Healing of a periodontal defect is based on recovery of surrounding alveolar bone [35]. Previous periodontal probing and 2D radiographs are not sufficient to evaluate morphology of bone pockets, which is critical for prediction of periodontal healing [16]. Furthermore, bone height does not to indicate the stability of periodontal healing. A more accurate and predictable index in three dimensions is necessary.
We proposed, for the first time, the volume of bone regenerated in the distal 2 mm of the M2M to be such an index. This parameter reflects the minimum thickness of bone required to prevent resorption of surrounding bone, and denotes the stability of bone distal to the M2M. Our postulation is based on two main observations. First, Porto reported, in an anatomic study, that the minimum thickness of stable alveolar bone in posterior teeth is 1.98 ± 1.33 mm [38]. Second, it is widely accepted that 2 mm of alveolar width around the implant is the minimum volume to prevent further bone resorption [39]. When using digital software to measure bone volume, the error between the measured value and real value is relatively small. According to Liu’s study [18], the deviation was < 7%. Therefore, the accuracy of our new 3D index (the volume of bone regenerated in the distal 2 mm of the M2M) was sufficient for clinical application. The morphology of bone pockets is presented in Fig. 1G. A significantly high correlation was found between the volume of bone regenerated in the distal 2 mm and reduction in the DBD depth (r = 0.74, P༜0.001). In addition, all statistical analyses involving these two factors revealed similar results, which provides further evidence of the effectiveness of this new index. Conversely, the volume of bone regenerated in the distal 2 mm showed a weak correlation with the total volume of bone regenerated in the alveolar socket (r = 0.20, P = 0.004) whereas reduction in DBD depth did not (r = − 0.01, P = 0.871). Our new index might bridge the healing of the alveolar socket of the M3M and repair of distal periodontal tissue of the M2M.
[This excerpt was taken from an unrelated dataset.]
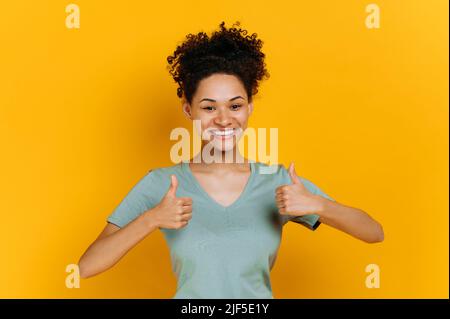 Positive adorable jeune afro-américaine femme aux cheveux bouclés, vêtue d'un t-shirt de base, montrant les pouces vers le haut geste, regarde l'appareil photo, debout sur un arrière-plan orange isolé, souriant heureusement Banque D'Images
Our study had two main limitations. First, a control group (total extraction of the M3M) was not included. The reason was because coronectomy is widely accepted as an effective alternative to prevent IAN injury [2]. Also, our ethics committee suggested that random grouping might not suitable in our study. Second, age is a critical factor for DBD healing [29], but the patients recruited for our study were relatively young.